What to produce. When you reach a picture, skip it, and retype every line below exactly.

Data extract.
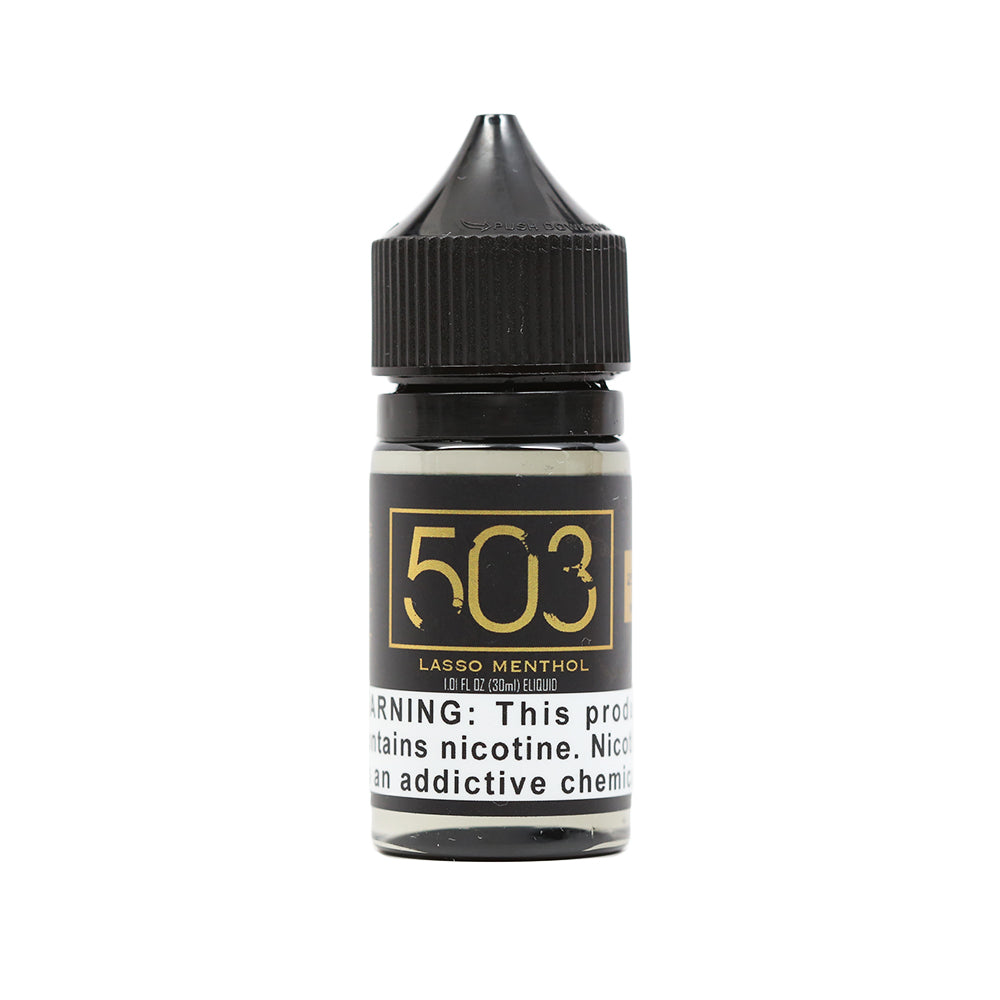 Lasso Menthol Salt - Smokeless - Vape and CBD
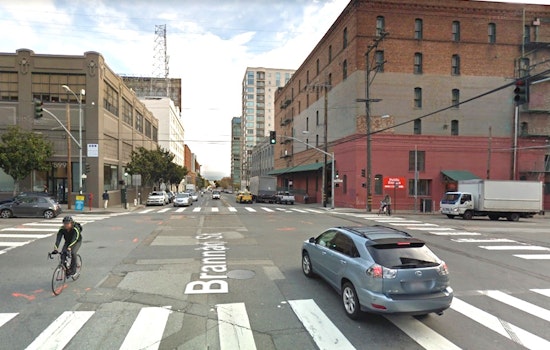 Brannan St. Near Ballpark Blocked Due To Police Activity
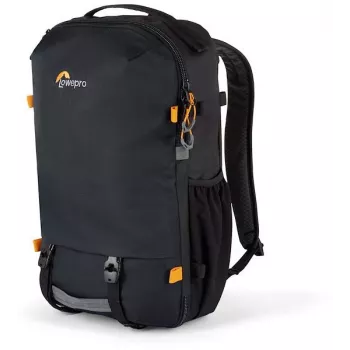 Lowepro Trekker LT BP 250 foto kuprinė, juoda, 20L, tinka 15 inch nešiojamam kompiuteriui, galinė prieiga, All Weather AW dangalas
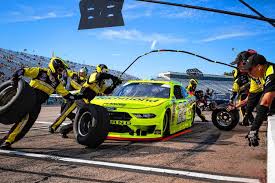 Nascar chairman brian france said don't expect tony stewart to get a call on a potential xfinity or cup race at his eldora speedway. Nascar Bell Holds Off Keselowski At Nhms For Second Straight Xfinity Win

Written solution.
 Lasso Menthol Salt - Smokeless - Vape and CBD
 Brannan St. Near Ballpark Blocked Due To Police Activity
 Lowepro Trekker LT BP 250 foto kuprinė, juoda, 20L, tinka 15 inch nešiojamam kompiuteriui, galinė prieiga, All Weather AW dangalas
 Nascar chairman brian france said don't expect tony stewart to get a call on a potential xfinity or cup race at his eldora speedway. Nascar Bell Holds Off Keselowski At Nhms For Second Straight Xfinity Win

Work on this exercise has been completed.